Provided information:
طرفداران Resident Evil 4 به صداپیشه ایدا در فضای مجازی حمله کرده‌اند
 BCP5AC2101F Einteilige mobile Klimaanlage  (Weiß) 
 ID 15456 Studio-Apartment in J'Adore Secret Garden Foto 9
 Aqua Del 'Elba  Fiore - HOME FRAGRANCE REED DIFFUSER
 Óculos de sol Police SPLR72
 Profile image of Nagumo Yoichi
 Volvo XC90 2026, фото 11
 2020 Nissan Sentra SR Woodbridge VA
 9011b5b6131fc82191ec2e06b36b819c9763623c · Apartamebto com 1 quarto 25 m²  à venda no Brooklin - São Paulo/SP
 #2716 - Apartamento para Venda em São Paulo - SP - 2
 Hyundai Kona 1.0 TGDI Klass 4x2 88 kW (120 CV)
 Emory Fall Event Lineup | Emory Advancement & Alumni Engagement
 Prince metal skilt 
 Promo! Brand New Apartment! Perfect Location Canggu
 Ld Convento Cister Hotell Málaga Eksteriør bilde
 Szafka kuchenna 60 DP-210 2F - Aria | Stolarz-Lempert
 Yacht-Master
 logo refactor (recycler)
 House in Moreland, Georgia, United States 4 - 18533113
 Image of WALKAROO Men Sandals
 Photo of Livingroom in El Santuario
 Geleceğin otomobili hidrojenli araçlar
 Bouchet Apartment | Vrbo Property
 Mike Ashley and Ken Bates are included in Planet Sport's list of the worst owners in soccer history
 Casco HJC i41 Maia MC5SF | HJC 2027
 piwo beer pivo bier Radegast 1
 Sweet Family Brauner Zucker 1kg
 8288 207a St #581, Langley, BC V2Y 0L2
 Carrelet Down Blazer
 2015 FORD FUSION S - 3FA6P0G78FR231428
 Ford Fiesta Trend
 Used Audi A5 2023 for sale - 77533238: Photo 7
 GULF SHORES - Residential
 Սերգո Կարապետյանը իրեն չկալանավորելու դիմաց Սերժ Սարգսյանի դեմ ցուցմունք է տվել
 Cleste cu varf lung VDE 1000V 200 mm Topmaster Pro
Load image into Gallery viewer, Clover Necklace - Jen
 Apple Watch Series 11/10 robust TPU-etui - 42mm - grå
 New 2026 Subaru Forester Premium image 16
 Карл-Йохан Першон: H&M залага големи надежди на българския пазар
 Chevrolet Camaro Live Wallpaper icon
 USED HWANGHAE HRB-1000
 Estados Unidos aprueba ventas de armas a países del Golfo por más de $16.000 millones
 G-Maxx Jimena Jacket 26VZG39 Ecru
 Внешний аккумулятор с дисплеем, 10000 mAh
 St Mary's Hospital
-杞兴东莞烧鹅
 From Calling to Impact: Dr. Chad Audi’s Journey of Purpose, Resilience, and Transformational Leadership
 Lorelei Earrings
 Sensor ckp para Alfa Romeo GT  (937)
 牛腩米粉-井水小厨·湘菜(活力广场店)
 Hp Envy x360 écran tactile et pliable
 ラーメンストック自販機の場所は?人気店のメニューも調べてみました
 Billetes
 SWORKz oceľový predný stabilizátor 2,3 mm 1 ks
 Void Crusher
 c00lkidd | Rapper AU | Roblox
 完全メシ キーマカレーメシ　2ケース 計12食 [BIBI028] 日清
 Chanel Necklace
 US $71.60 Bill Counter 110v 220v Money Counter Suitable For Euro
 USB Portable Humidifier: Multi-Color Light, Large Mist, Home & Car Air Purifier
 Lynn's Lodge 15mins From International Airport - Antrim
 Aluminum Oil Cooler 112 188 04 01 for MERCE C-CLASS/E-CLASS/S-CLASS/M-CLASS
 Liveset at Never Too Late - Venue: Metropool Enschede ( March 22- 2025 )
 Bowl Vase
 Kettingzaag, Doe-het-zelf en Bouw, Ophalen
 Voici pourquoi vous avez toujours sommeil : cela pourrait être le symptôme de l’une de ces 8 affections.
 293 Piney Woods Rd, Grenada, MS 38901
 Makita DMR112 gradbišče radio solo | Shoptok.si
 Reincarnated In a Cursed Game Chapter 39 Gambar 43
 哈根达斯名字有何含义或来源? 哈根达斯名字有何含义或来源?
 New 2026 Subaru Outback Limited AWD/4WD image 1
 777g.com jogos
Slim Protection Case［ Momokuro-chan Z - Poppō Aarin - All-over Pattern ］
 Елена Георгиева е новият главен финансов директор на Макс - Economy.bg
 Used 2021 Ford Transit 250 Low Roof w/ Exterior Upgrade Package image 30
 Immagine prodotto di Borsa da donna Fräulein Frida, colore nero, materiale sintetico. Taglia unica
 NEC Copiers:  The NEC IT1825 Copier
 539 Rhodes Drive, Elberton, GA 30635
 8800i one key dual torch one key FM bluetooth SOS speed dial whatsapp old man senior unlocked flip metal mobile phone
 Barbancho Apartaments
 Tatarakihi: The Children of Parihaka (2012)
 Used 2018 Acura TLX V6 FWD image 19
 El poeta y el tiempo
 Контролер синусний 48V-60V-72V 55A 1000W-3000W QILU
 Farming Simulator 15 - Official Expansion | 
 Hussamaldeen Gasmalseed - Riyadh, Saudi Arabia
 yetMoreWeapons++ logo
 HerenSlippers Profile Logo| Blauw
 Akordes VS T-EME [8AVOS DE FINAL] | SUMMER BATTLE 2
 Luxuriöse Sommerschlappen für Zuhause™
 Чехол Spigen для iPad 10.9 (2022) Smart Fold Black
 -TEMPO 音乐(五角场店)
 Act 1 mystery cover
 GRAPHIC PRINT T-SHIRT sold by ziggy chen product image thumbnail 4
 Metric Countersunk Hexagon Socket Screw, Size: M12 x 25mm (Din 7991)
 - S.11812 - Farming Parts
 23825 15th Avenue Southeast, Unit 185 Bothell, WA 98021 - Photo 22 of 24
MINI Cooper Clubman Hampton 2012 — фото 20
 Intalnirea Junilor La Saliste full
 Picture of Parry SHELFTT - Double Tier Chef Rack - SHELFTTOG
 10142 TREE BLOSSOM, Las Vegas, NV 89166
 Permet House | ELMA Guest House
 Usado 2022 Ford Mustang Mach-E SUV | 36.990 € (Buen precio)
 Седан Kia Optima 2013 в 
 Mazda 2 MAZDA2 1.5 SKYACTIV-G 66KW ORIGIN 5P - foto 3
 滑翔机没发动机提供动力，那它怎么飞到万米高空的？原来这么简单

Work task: The answer should consist of every line from the listing above that includes the word "Photo".

Exercise output:
 Photo of Livingroom in El Santuario
 Used Audi A5 2023 for sale - 77533238: Photo 7
 23825 15th Avenue Southeast, Unit 185 Bothell, WA 98021 - Photo 22 of 24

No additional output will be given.